Extend Arg with Arg.File?

Hello,

is it possible to extend Arg with Arg.File?

My use case

My (imaginary) tool has two options: -o and -v.

-o expects an output filename
-v turns verbose logging on.

So this is the spec:

[
  "-o",
  Arg.String (fun fname -> outfile := fname),
  "output filename";

  "-v",
  Arg.Set verbose,
  "verbose mode";
]

Problem

When a user mistakenly omits the filename after -o and invokes the tool with mytool -o -v the output is written into a file “-v”.
Most likely, this wasn’t the intended behavior.

My current workarround

Whenever a string argument is supposed to be a filename I make sure it dosn’t start with a dash:

  "-o",
  Arg.String (fun fname ->
      match fname with
      | "" ->
	    eprintf "-o: filename cannot be empty string";
		exit 1

      | "-" ->
	    outfile := fname (* stdin or stdout *)

      | s when s.[0] = '-' ->
	    eprintf "-o: filename missing before %S\n" fname;
		exit 1

      | _ ->
	    outfile := fname
    ),
    "outfile filename";

Problem with my workaround

I need this over and over again and would like to handle it with something like

"-o",
Arg.File (fun fname -> outfile := fname),
"output filename";

which implements the workaround internally.

My attempted solution

module Arg = struct
  include Arg

  type spec += File of (string -> unit)
end

Problem with my attempted solution

It doesn’t compile :-/

Error: Type definition spec is not extensible

Questions

  • Is there a better way to handle the situation than the work around described above?
  • Whould it be appropriate to add Arg.File to the Stdlib?
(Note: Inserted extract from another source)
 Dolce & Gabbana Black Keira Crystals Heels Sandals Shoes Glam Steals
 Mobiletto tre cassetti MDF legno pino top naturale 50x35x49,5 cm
Note that this is the standard command-line behaviour in the Unix world (try it with your favourite C compiler).

Only extensible sum types can be, well, extended. Ordinary sum types cannot be extended. Note that it wouldn’t make sense to extend Arg.spec, as the module Arg would not know what to do with the new constructor.

Best wishes,
Nicolás

Note that this is the standard command-line behaviour in the Unix world (try it with your favourite C compiler).

You’re right.
I thought filenames with leading dashes must be “escaped” with -- in
the Unix world, e.g. gcc -o -- -v file.c. Turns out this is not the
case and thus shouldn’t be “fixed” in the Stdlib.

Only extensible sum types can be, well, extended.
Ordinary sum types cannot be extended.

I skimed over https://sites.google.com/site/ocamlopen/ and
misinterpreted the “…” as arbitrary constructors.
Thus I concluded all types are extensible since 4.02.
I was wrong again.

Note that it wouldn’t make sense to extend Arg.spec, as the module Arg would not know what to do with the new constructor.

Yes, this was just the first step.

Instead of trying to extend the type, you can define a function to share your code:

let arg_file file_ref =
  Arg.String (fun fname ->
      match fname with
      | "" ->
	    eprintf "-o: filename cannot be empty string";
		exit 1

      | "-" ->
	    file_ref := fname (* stdin or stdout *)

      | s when s.[0] = '-' ->
	    eprintf "-o: filename missing before %S\n" fname;
		exit 1

      | _ ->
	    file_ref := fname
    )
in

Arg.spec [
  "-i", arg_file infile, "<FILE> input file";
  "-o", arg_file outfile, "<FILE> output file";
]

Although that would prevent you from passing filenames which start with a dash, so I would not do that.

This isn’t really a solution, but … have you thought about learning to use the excellent, excellent (did I mention it’s excellent) cmdliner package? It was sort of meant for this sort of thing – adding behaviour to the processing of args in a modular way, I mean.

1 Like

Thanks, this is viable, to0.

This should still be possible with --.

Not really - thanks for the suggestion. I usually try to avoid non-stdlib packages if the functionality takes just a couple of lines.